HIV/AIDS Ministries in Rural China
2009 Report
In China, eighty percent of the citizens live in rural areas, including in Henan Province. This area is one of the poorest areas in China, with the annual income amounting to about $80 U.S a year per family. Life is difficult there. Most people farm to support their families and many peasant farmers struggle to pay leases on their land and their homes.
In the mid-1990s, a large number of people living in the poorest areas of Henan Province were offered money for selling their blood to private companies, who, in turn, sold it to clinics. Unfortunately, many contracted HIV/AIDS through repeated use of contaminated needles when their blood was drawn by these private blood collectors. Because one of the modes of transmission of HIV is from mother to child through childbirth, some of the children born to those who had been infected by contaminated needles were also infected with HIV. Children, both infected and not-infected, lost parents. The elderly lost their adult children and their means of support in old age. This tragedy has destroyed families and has weakened an already tenuous economy.
Since 2004, Global Ministries has been working in Henan Province with a small humanitarian non-governmental organization, Zhecheng Succor Society.
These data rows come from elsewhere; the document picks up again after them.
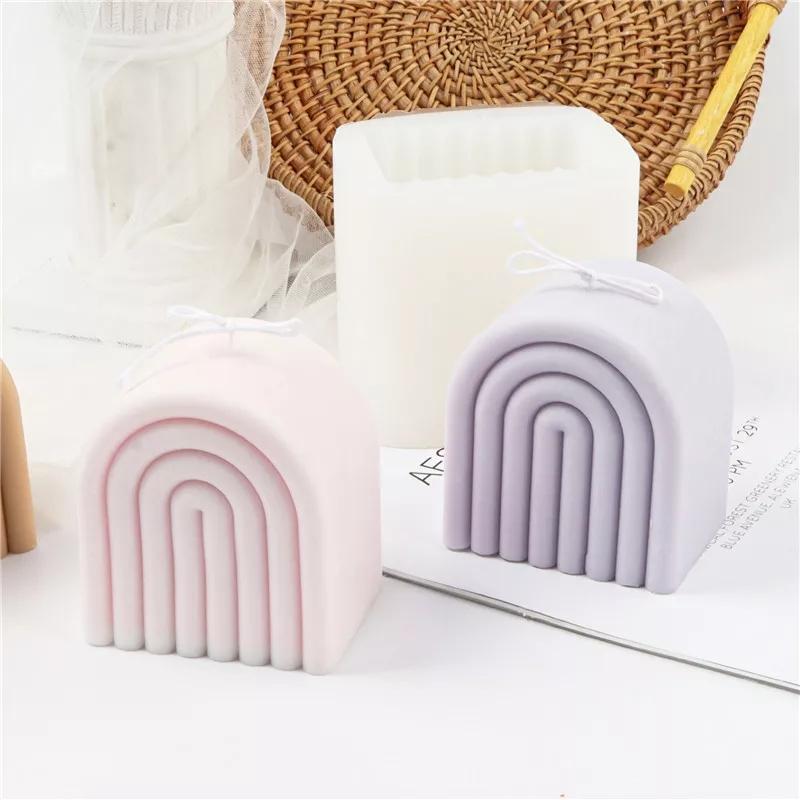 Rainbow Candle Mould 5 - Silicone Mould, Mold for DIY Candles. Created using candle making kit with cotton candle wicks and candle colour chips. Using soy wax for pillar candles. Sold by Myka Candles Moulds Australia
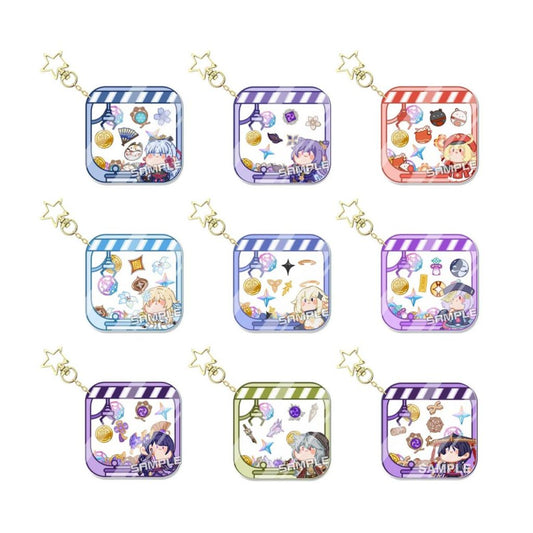 Genshin Impact Character Keychains: Collect Them All!: blue, purple anime-style characters with assorted themed icons, cartoo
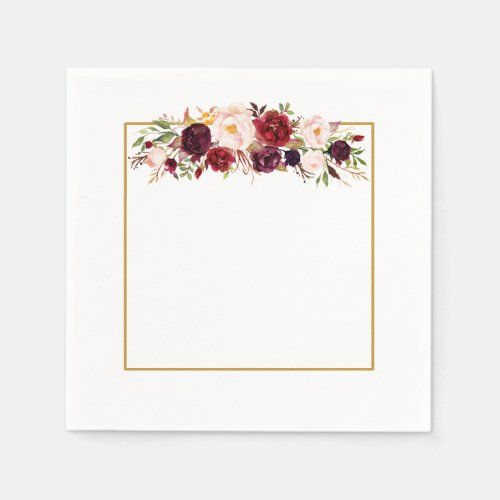 Marsala Gold Square Flower Monogram Wedding Napkin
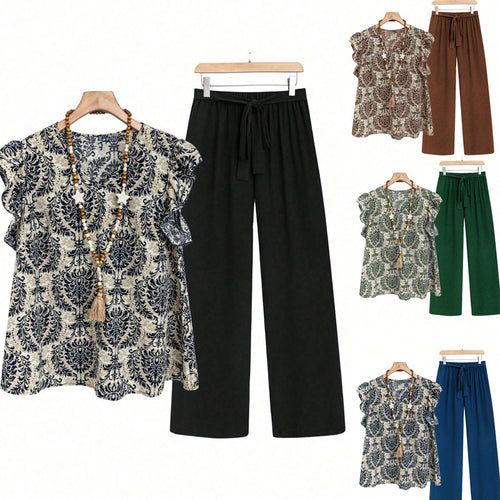 Damen Zweiteiliges Ensemble mit Rüschen-Printbluse und weitem Taillen-Hosenmodell Drune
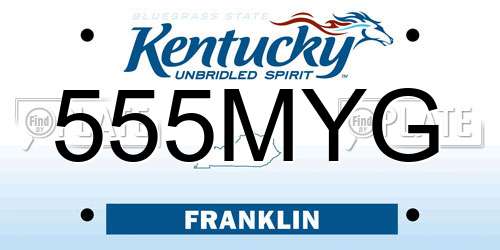 555MYG Kentucky License Plate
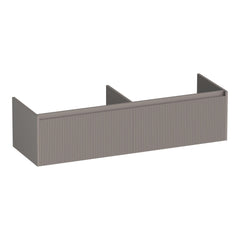 BRAUER Embrace Wavy 140 base cabinet with 2 soft-close handleless drawers and 2 siphon cutouts matte taupe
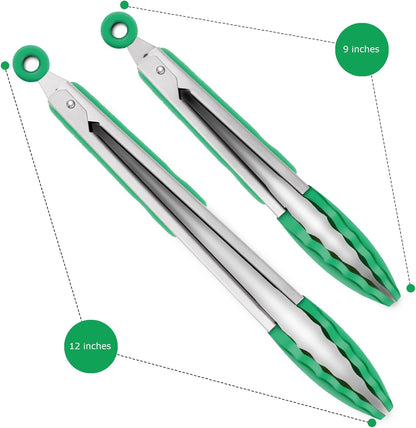 Purilite Select Silicone &amp; Stainless Steel Kitchen Tongs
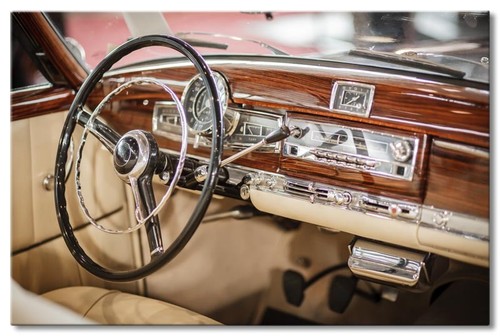 Leinwand Bild Daimler Mercedes-Benz Oldtimer Design Cockpit Holz Stern Uhr Radio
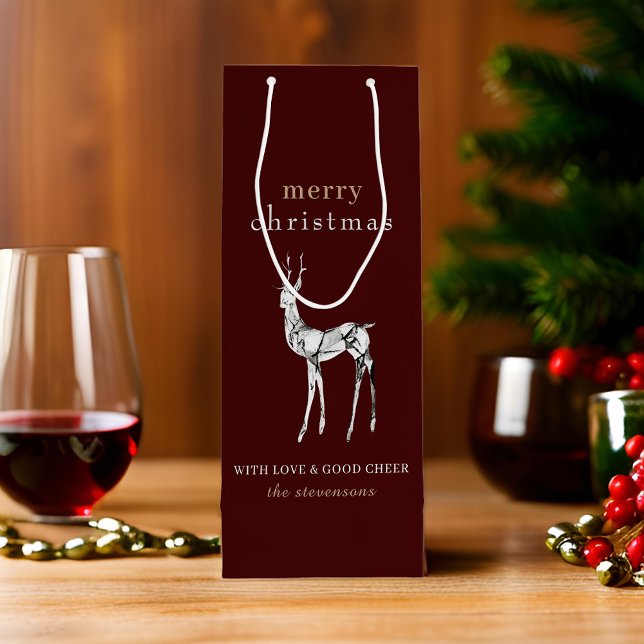 Simple Modern Merry Christmas Crystal Reindeer Wine Gift Bag (Creator Uploaded)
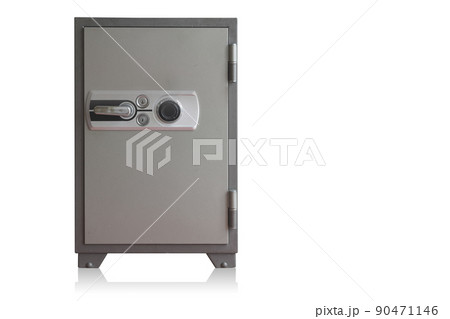 front view grey and silver steel save box on white background, object, furniture, money, safety, copy space front view grey and silver steel save box on white background, object, furniture, money, safety, copy space 90471146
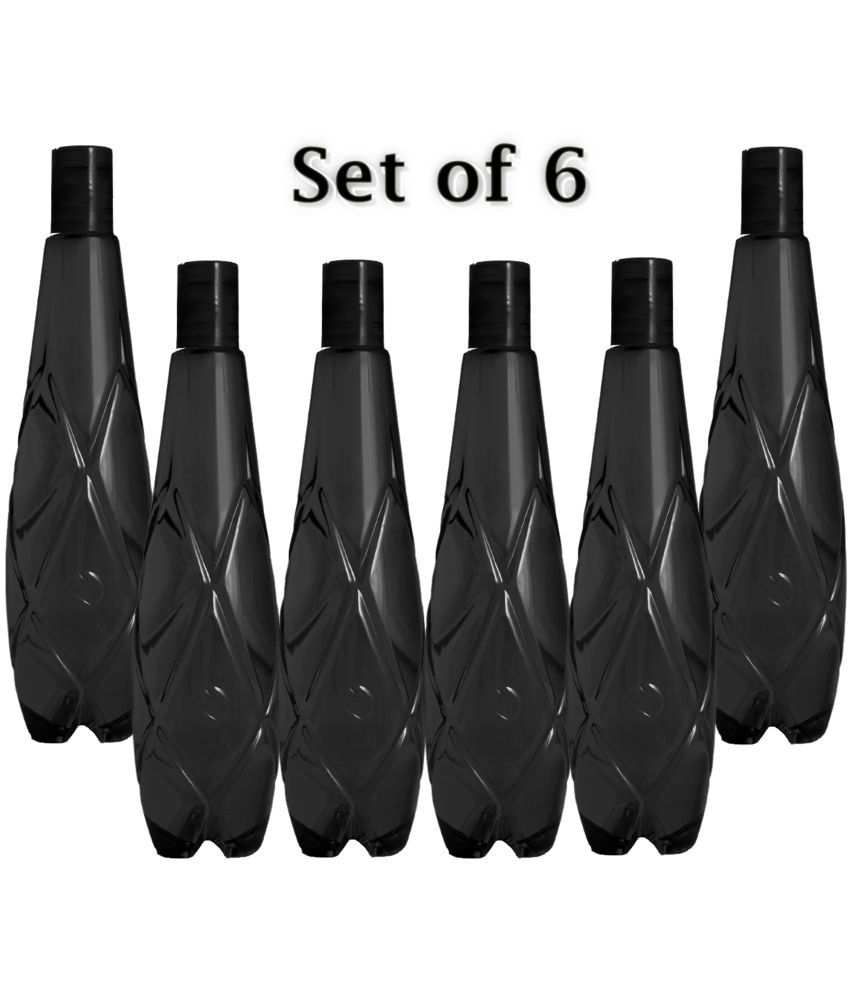     			Stysol Water Bottel  Black Plastic Water Bottle 1000 mL ( Set of 6 )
Support is provided for AIDS orphans, medical care for those living with HIV and AIDS, and small loans to farmers to reinforce their income-generation through agriculture and livestock. Global Ministries has also provided support to some of the local schools attended by orphans and other children whose families are affected by HIV/AIDS.
In western China in Sichuan Province, the Sichuan TV and Radio University provides education to over 150,000 students in China, particularly in rural areas, through remote learning centers. Global Ministries supports the work of the TV and Radio University in GanZi and supports Tibetan students studying to be English teachers. Global Ministries missionaries, Doug and Elizabeth Searles, taught English at the University until 2007. Newly appointed Global Ministries missionary Tom Morse is headed to China and will also work with the Sichuan TV and Radio University to teach English.
Global Ministries now sponsors four students through Zhecheng Succor Society so that they can go to the city of Chengdu for three years of study at the TV and Radio University.
Global Ministries is very grateful for this growing relationship between two of its partners who serve those in need in China.